There was a time in my life when watching TV was a part-time job. When the world of daydreams in my head was far more inviting than the real world of pain and limitation of rheumatoid arthritis. Good thing it was in the days before I owned a computer.
How can we tell if we're living small? If our escapes and diversions are really costing us? If they are softly becoming the things we love and desire more than God?
I think of how Israel slipped into idolatry—a treaty here, an intermarriage there. Once the Israelites settled into the land, it was much harder to push back from the table, turn off the TV, pack up their swords, and go out to battle against their idol-obsessed neighbors. Within a generation the idols captured their imaginations, crept into their inner worlds and eventually into their national life.

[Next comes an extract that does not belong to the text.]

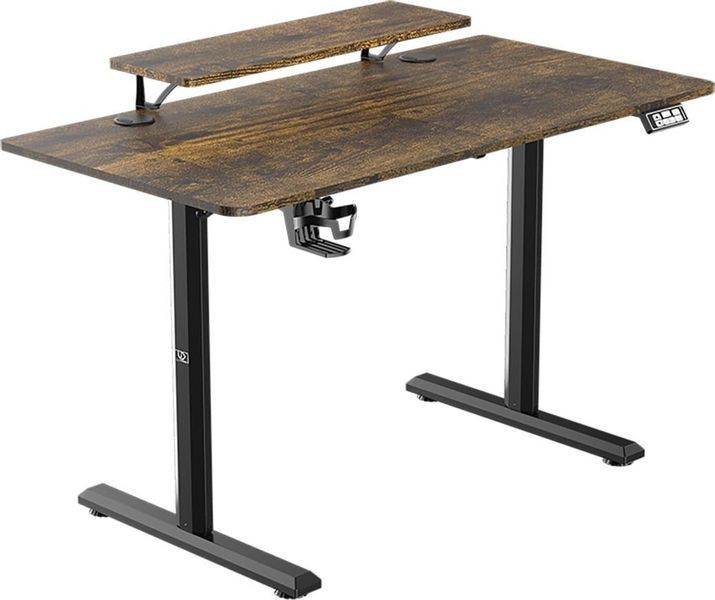 Геймерський ігровий стіл Ultradesk Highlander Brown (UDESK-HG-OD) 556286 фото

"This is the way sin deceives," writes Edward Welch in his book Addictions, A Banquet in the Grave. "In order to slip past our consciences it must begin with small steps of disobedience."
Welch invites us to name the thing we love more than God for what it is—an idol—and describes falling into idolatry as a courtship, a progression from friendship to infatuation to love and betrayal and finally, worship.
My progression into that kind of courtship began from a heart divided between my dreams and God's dreams. A passion for the study and teaching of God's truth, but not the same delight for seeking the presence of God as a person.
My involvement in church and a Christian lifestyle disguised both my lack of affection and the danger of my escapes. I didn't confess my lack of passion toward God because I couldn’t imagine what I was missing. I didn’t acknowledge my indulgences in escape and entertainment because I liked to think I wasn’t over the line. It’s okay as long as it’s all in my head. When I began to have doubts and questions about my indulgence, I kept my thoughts to myself. I needed someone to ask me, as Welch does in his book:
“Where are your affections?”
“What gets you excited? Depressed? Afraid? Angry? Hopeless?”
“What are these emotions saying about what you worship or what you love?”
Are you enjoying your times of personal worship of God?
“Are you confessing your own sin?”
How do you feel about going to church? When you don’t feel like going, what nudges you out of your covers? The prospect of worshiping God, taking your children, or seeing your friends?
“Are you speaking honestly about your own spiritual lethargy?”
If you don't have a passion for God as strong as your passion for escape, are you praying that God will change you?
“Are you alert to where your imaginations are reckless?”
Can others “speak openly to you, without fear of your anger, judgment, or sermons?”
“Do you invite others to tell you where you need to be growing? Where you are missing the mark in your relationships?”
These questions invite us to step outside our busyness and, for Christ’s sake, REFLECT. Take a long hard look at ourselves in the mirror of God’s word and do something about the apathy in our eyes and the distance in our hearts.